For anyone having work done on their property, understanding the construction lien law is extremely important. Unfortunately, many property owners do not understand the law and wind up paying twice for the same work. The purpose of this article is to avoid this result.
First the basics: a construction lien is a lien placed on your property by someone ("lienor") who performs work or delivers material to the property. The lien protects the lienor from non-payment. If the lien isn't paid, the lienor can foreclose the lien and sell the property at a public auction, with the proceeds of the sale used to satisfy the lien. This is a very general overview which doesn't consider the priority of the lien in relation to other liens or mortgages.
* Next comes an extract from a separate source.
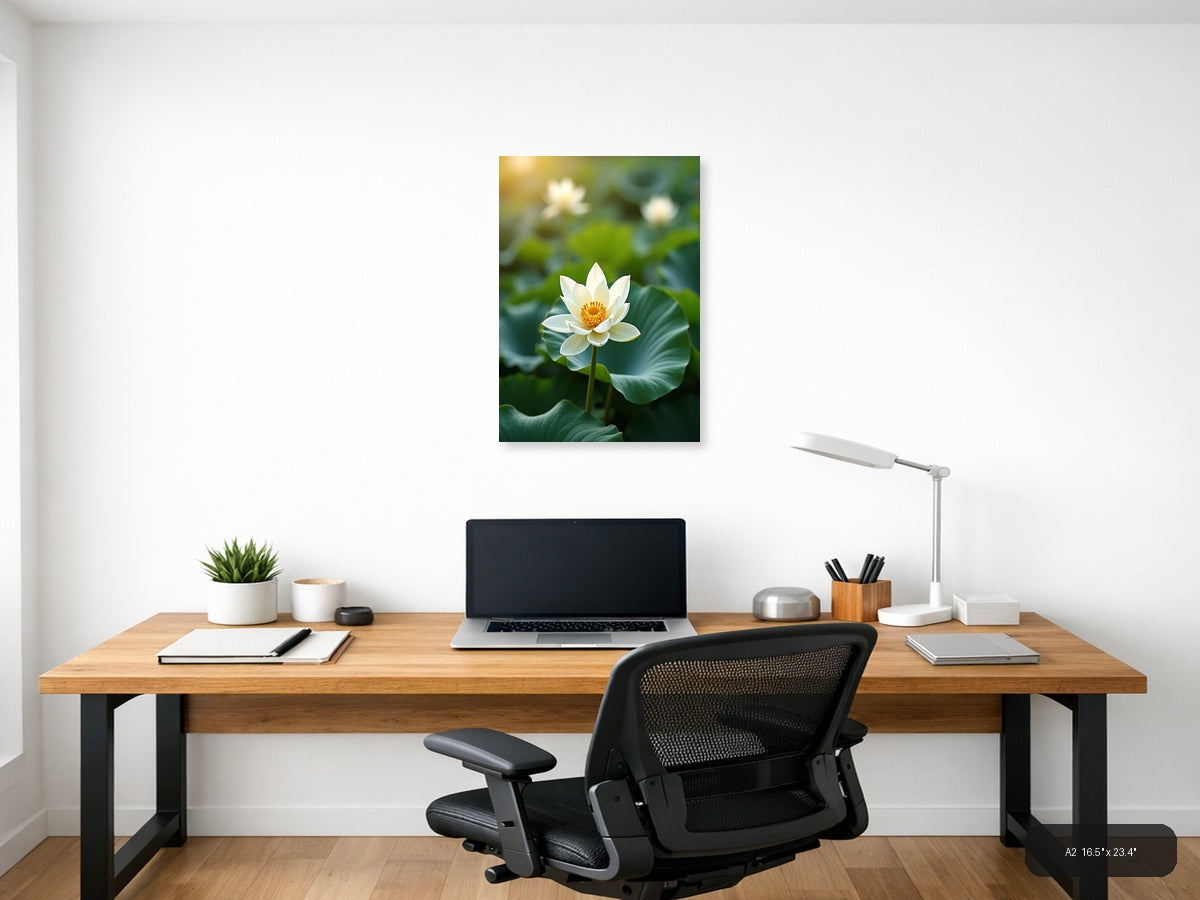 White Lotus Flower Botanical Portrait Wall Art — A2 / Office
However, the bottom line is that construction liens are not good for the property owner and must be taken seriously. Contrary to what many people think, a construction lien can be enforced against your homestead property. There is a specific exception to the homestead protection in the Florida Constitution which permits this.
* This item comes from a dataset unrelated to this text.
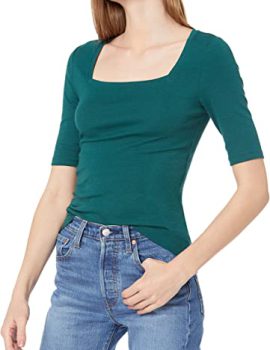 Essentials Women’s Slim-Fit Half Sleeve Square Neck T-Shirt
The best way to explain the nuts and bolts of a construction lien is to use an example. Let's assume you hire Charlie Contractor to build an addition on your house and Charlie Contractor sub-contracts the work to Frank the Framer. Marty the material supplier delivers all the material to your property for the addition. Assuming Frank and Marty follow the requirements of the construction lien law, they will serve you with a Notice to Owner ("NTO") within 45 days of beginning work or delivering the materials. The purpose of the NTO to put you notice that they are involved in your addition project. You might not otherwise know this since you hired Charlie, not Frank or Marty. You must pay attention to these NTOs since they are the first step Frank and Marty must take to put a lien on your property. Each time you pay Charlie, you must get lien waivers from Frank and Marty. This ensures they have been paid for the work performed or materials delivered through the date of the payment to Charlie. If you pay Charlie without getting lien waivers from Frank and Marty, and Charlie does not pay them, Frank and Marty can file a lien against your property. The lien covers the amount they are owed for the work or materials, plus interest, costs and attorney fees. If a lawsuit is brought to foreclose the lien, the attorney fees and costs can greatly exceed the amount originally owed for the work or materials. This doesn't make for a happy property owner.
You must also get a contractor's final affidavit and final lien waiver from Charlie, and final lien waivers from Frank and Marty, before you make final payment. If you don't and Charlie doesn't pay Frank or Marty, your property is subject to a construction lien. Charlie can also lien your property if you don't pay him. However, Charlie isn't required to send you a NTO since you have a direct contract with him. A construction lien must be filed within 90 days of the work being done or delivery of the materials or it is barred.
Protect yourself by hiring a reputable contractor. Familiarize yourself with the basic requirements of the construction lien law. When in any doubt, hire a construction litigation lawyer familiar with the construction lien law to help you avoid a lien and paying twice for the same work.